• Required work:
All lines below must be repeated exactly, with the pictures omitted.

• Information shown:
┏━━
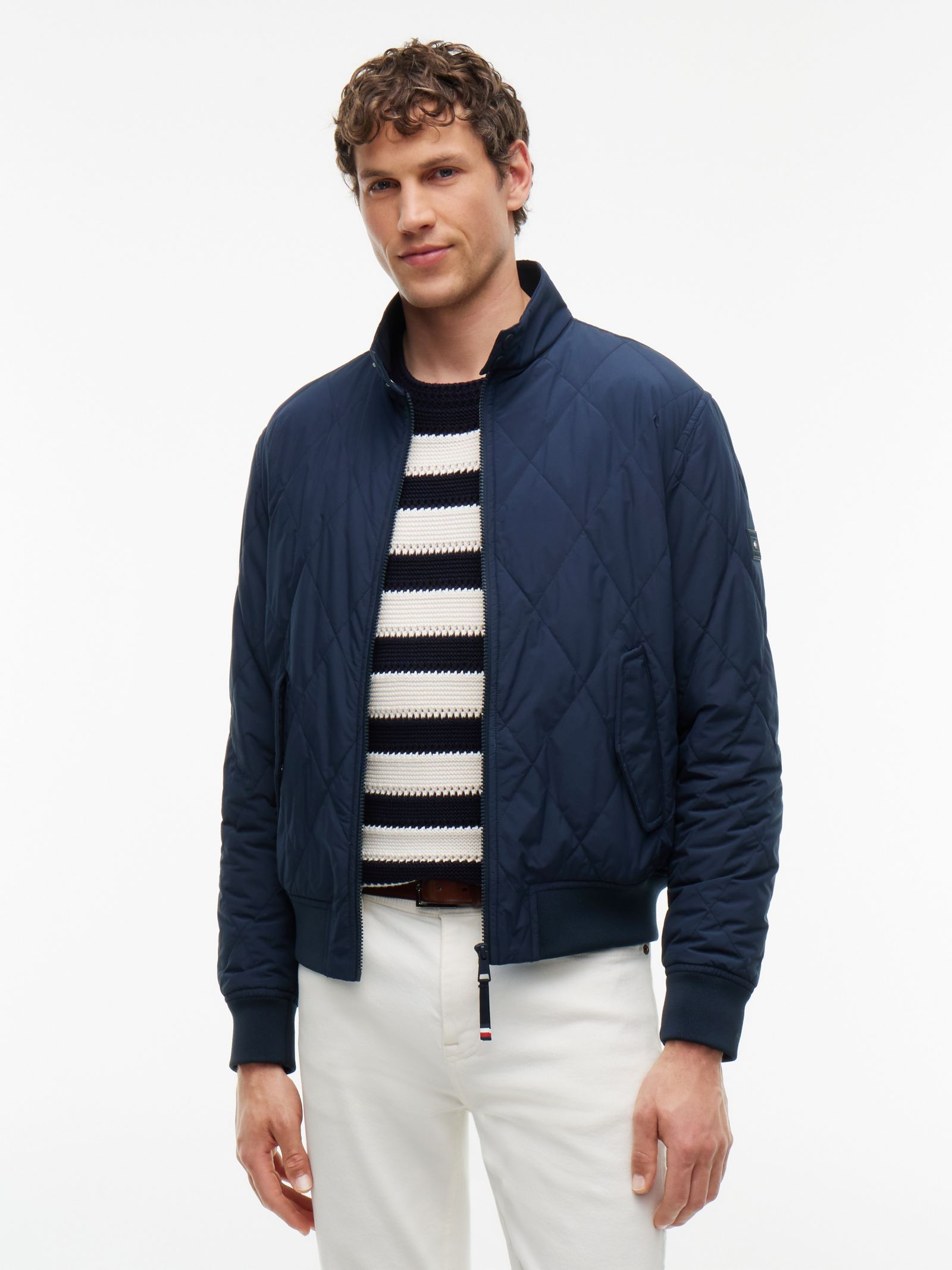 Tommy Hilfiger Waterafstotend compact doorgestikt Harrington jack in marine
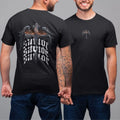 Camiseta Básica Masculina GuGi Cruz Cristã Asas Anjo Savior Frente E Costas 100% Algodão Premium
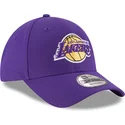 9forty-the-league-los-angeles-lakers-nba-violette-verstellbare-kappe-mit-gebogenem-schirm-von-new-era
┗━━
• Output for this task:
 Tommy Hilfiger Waterafstotend compact doorgestikt Harrington jack in marine
 Camiseta Básica Masculina GuGi Cruz Cristã Asas Anjo Savior Frente E Costas 100% Algodão Premium
 9forty-the-league-los-angeles-lakers-nba-violette-verstellbare-kappe-mit-gebogenem-schirm-von-new-era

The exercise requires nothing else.